§ **What the task requires**: Excluding pictures, retype the line with "Een foto van Ao Nang Sunset Hotel" and each line that follows it to the end of the data below, word for word.

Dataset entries
━━━━━━━━━━━━━━━━━━━━━━━━━━━━━━
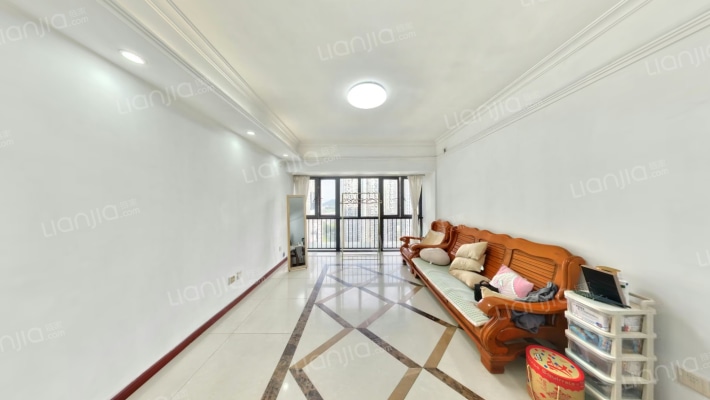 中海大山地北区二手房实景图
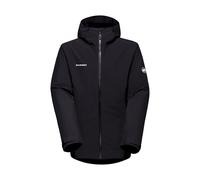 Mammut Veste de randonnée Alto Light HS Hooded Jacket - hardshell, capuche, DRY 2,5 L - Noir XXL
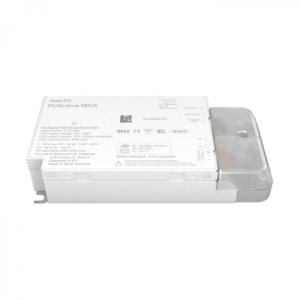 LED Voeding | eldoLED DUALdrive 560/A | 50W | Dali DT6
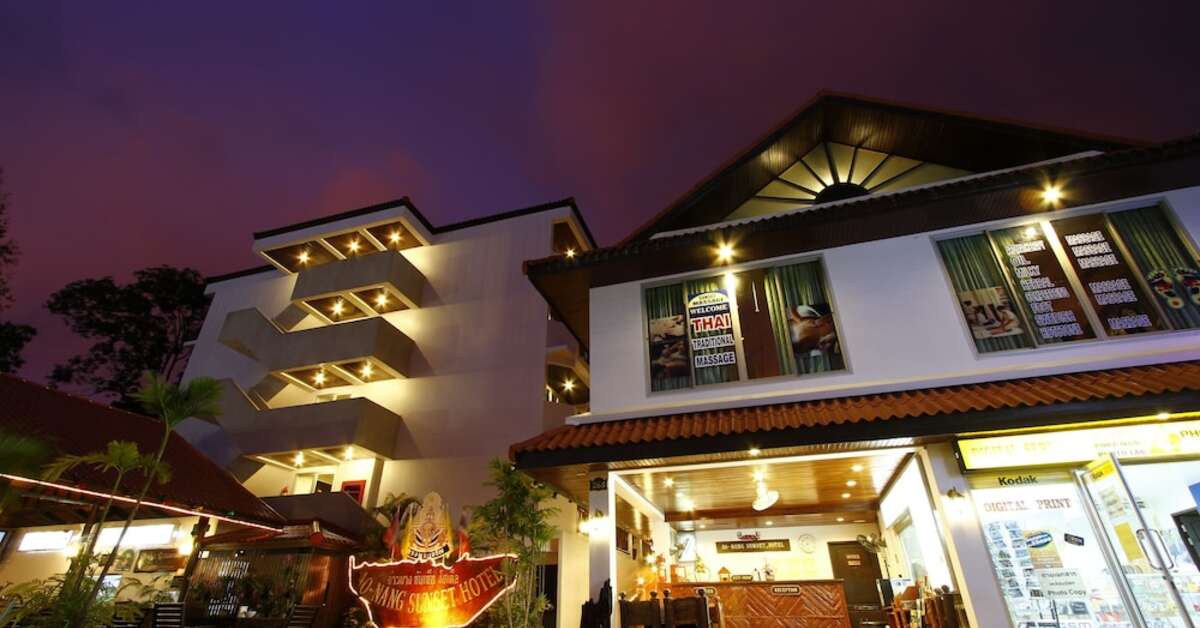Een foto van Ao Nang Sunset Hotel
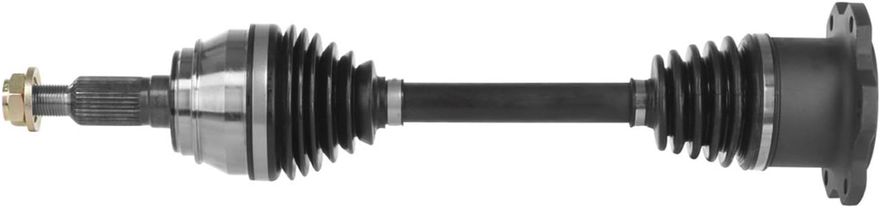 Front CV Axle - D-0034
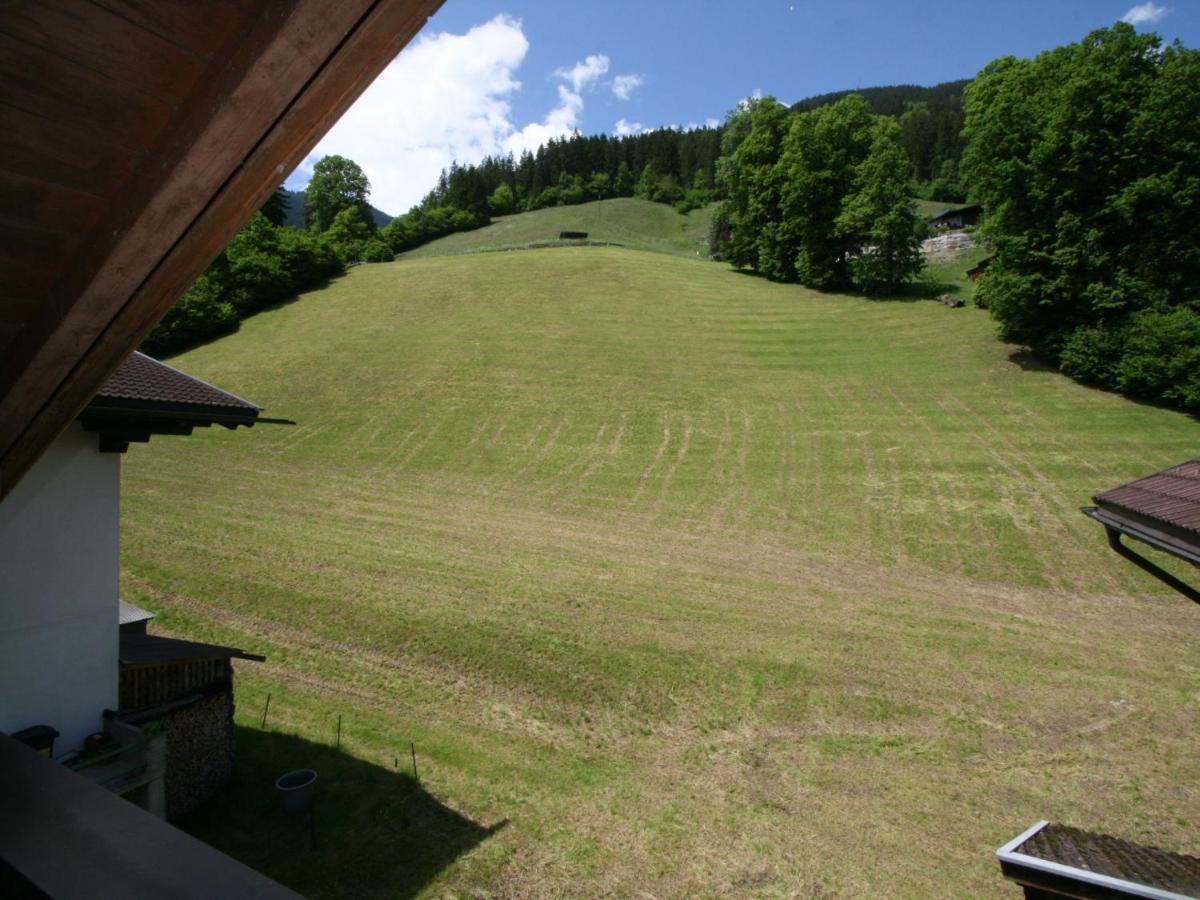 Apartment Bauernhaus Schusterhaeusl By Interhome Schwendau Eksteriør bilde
━━━━━━━━━━━━━━━━━━━━━━━━━━━━━━
§ **Finished exercise**:
Een foto van Ao Nang Sunset Hotel
 Front CV Axle - D-0034
 Apartment Bauernhaus Schusterhaeusl By Interhome Schwendau Eksteriør bilde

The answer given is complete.